**INSTRUCTIONS FOR THE TASK:**
Leave out all pictures while repeating the records exactly and completely.

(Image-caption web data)
────
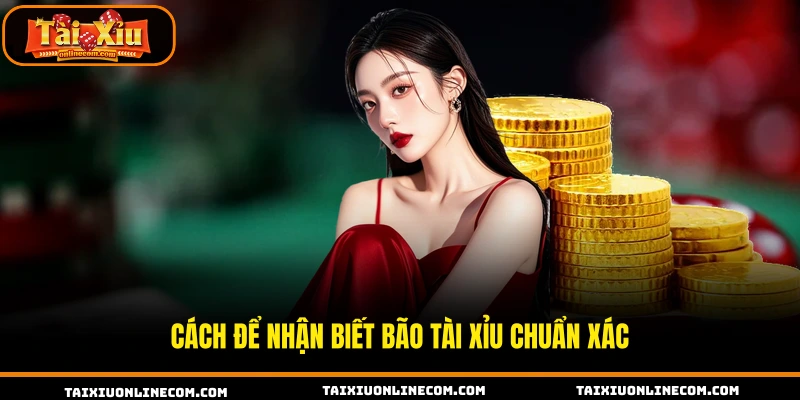Cách để nhận biết bão tài xỉu chuẩn xác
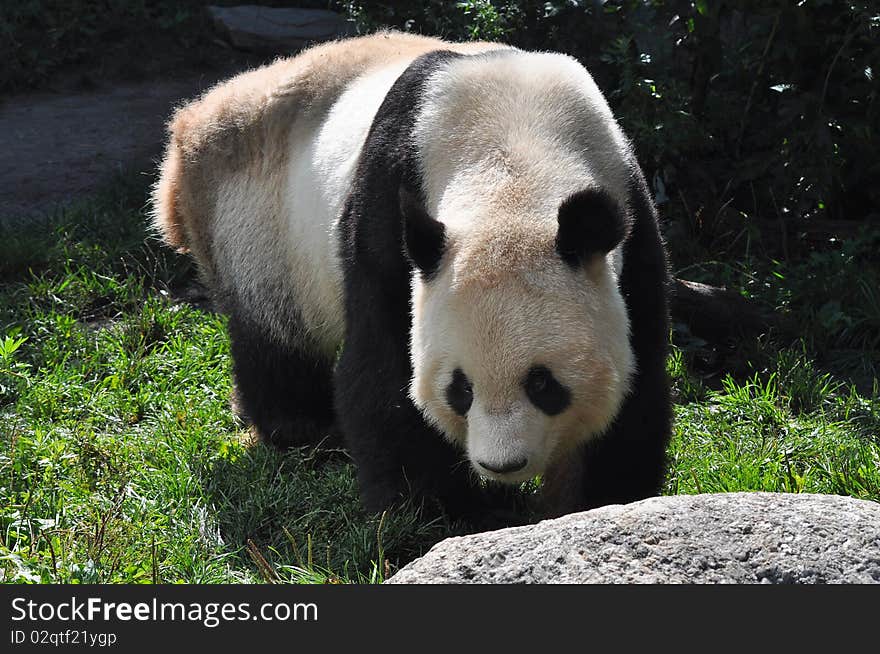 The Giant Panda (Ailuropoda melanoleuca, literally meaning cat-foot black-and-white) is a bear[2] native to central-western and south western China. The Giant Panda (Ailuropoda melanoleuca, literally meaning cat-foot black-and-white) is a bear[2] native to central-western and south western China.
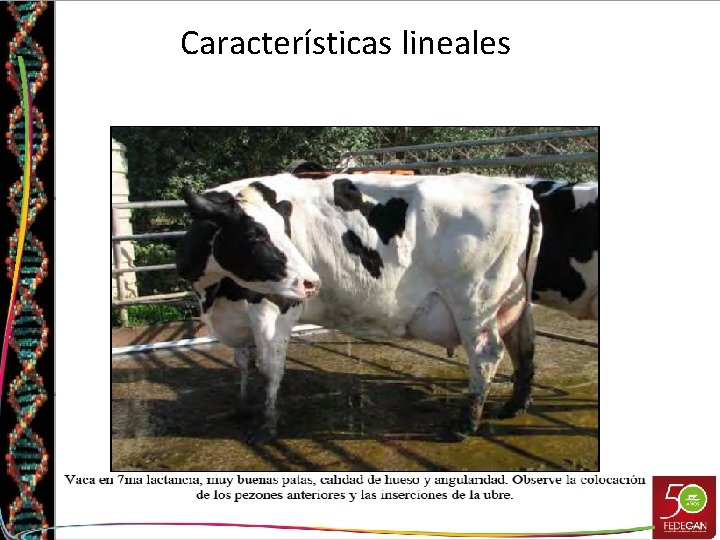 Características lineales 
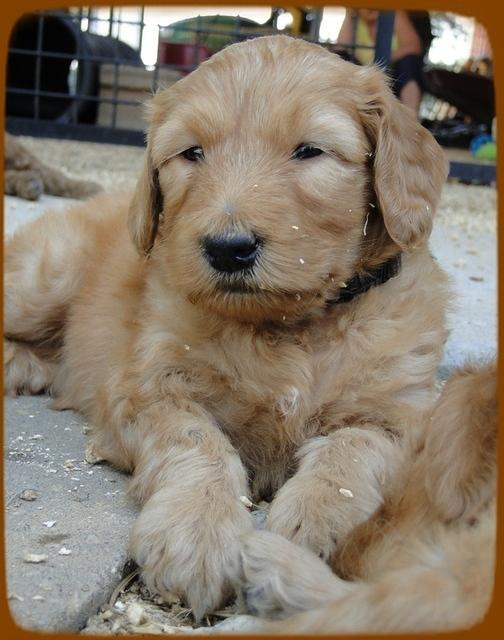 KT pups 5 wks old 16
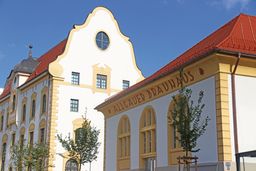 Image Alt text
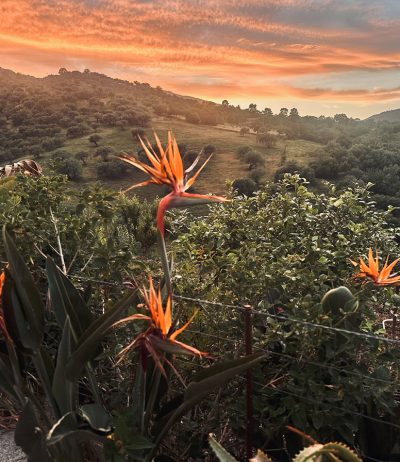 Evenings in the Countryside of Sicily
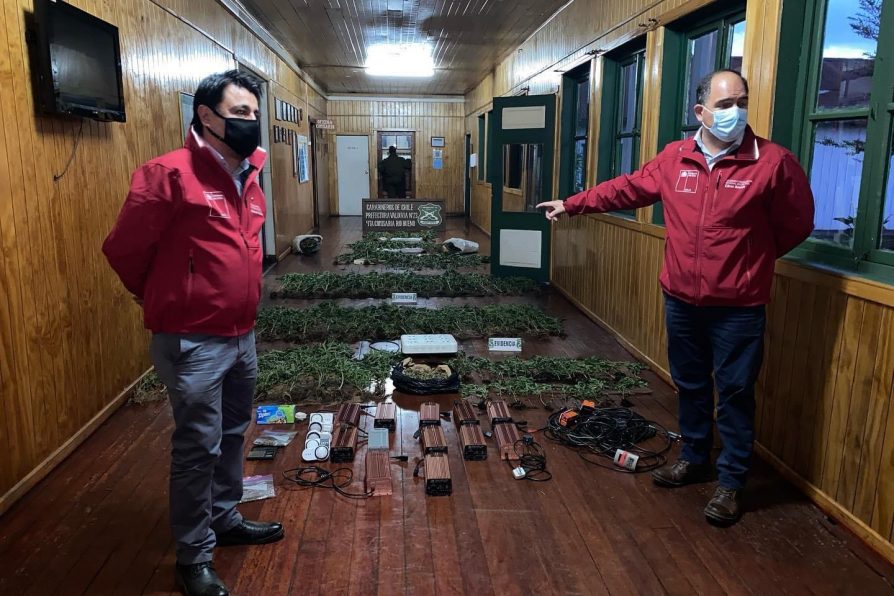 Delegado Helmuth Palma valoró resultados de decomiso de drogas efectuado por Carabineros en Río Bueno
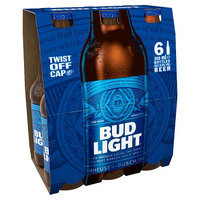 Bud Light 6 x 300ml
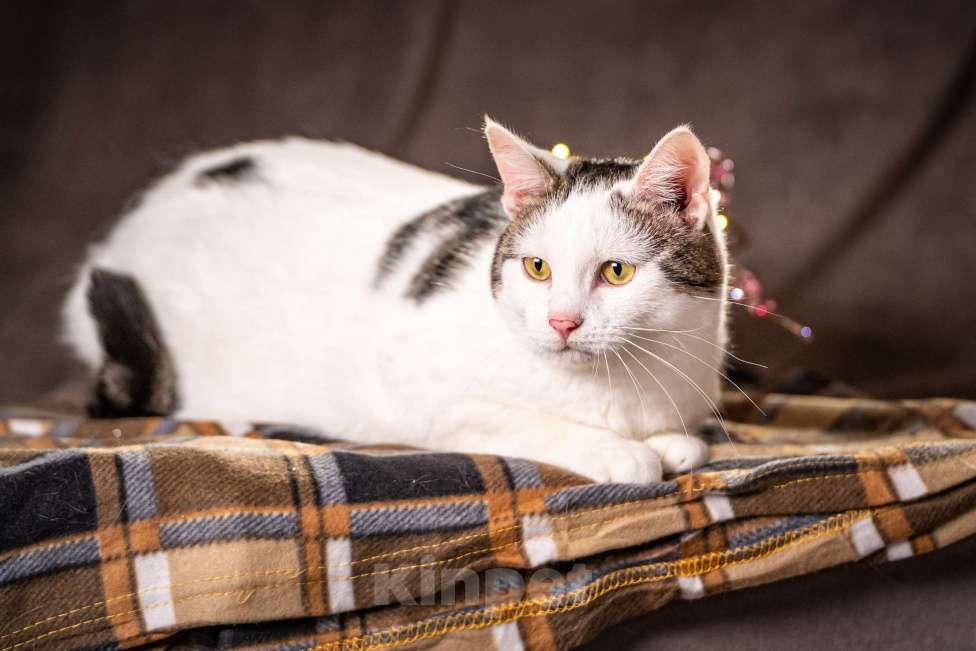 Кошки в Клине: Жорж — большой добряк Мальчик, Бесплатно - фото 3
────
**TASK ANSWER:**
Cách để nhận biết bão tài xỉu chuẩn xác
 The Giant Panda (Ailuropoda melanoleuca, literally meaning cat-foot black-and-white) is a bear[2] native to central-western and south western China. The Giant Panda (Ailuropoda melanoleuca, literally meaning cat-foot black-and-white) is a bear[2] native to central-western and south western China.
 Características lineales 
 KT pups 5 wks old 16
 Image Alt text
 Evenings in the Countryside of Sicily
 Delegado Helmuth Palma valoró resultados de decomiso de drogas efectuado por Carabineros en Río Bueno
 Bud Light 6 x 300ml
 Кошки в Клине: Жорж — большой добряк Мальчик, Бесплатно - фото 3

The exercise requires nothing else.